Working data below:

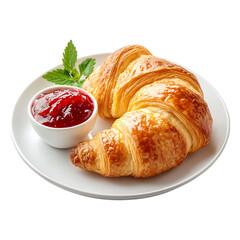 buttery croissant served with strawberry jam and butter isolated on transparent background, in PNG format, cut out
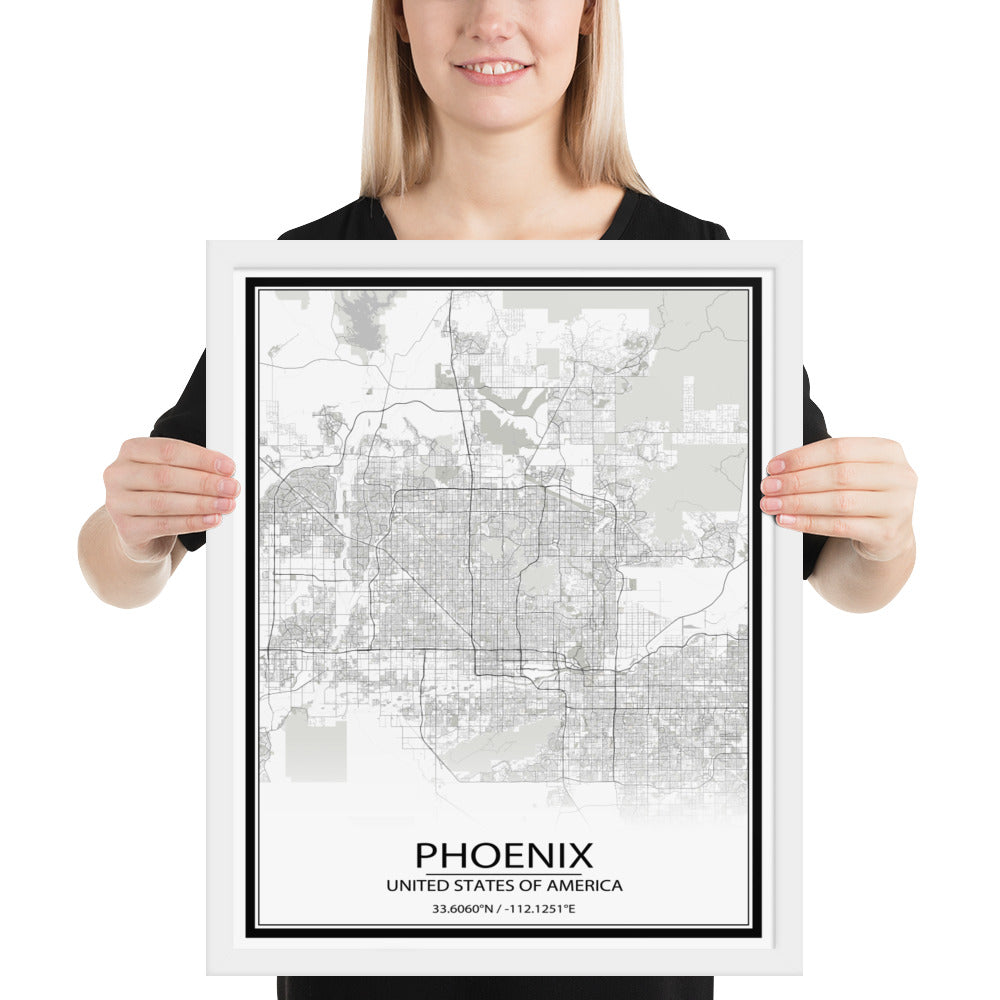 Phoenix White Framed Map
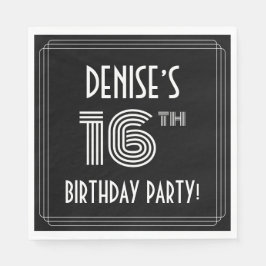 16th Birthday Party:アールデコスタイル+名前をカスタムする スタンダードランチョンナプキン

End of Working data.
Working data below:

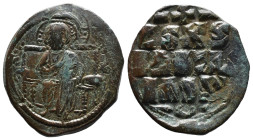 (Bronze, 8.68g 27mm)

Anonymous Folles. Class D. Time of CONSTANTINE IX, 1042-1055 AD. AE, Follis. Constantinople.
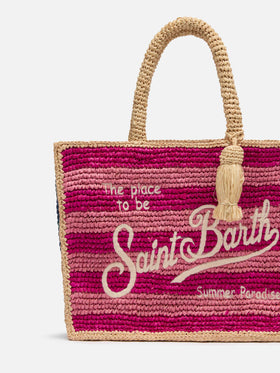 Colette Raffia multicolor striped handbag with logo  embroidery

End of Working data.

Copy everything above from the line holding "buttery croissant served" down to the line holding "16th Birthday Party:アールデコスタイル+名前をカスタムする", both ends included, exactly as it stands and without the pictures.

 buttery croissant served with strawberry jam and butter isolated on transparent background, in PNG format, cut out
 Phoenix White Framed Map
 16th Birthday Party:アールデコスタイル+名前をカスタムする スタンダードランチョンナプキン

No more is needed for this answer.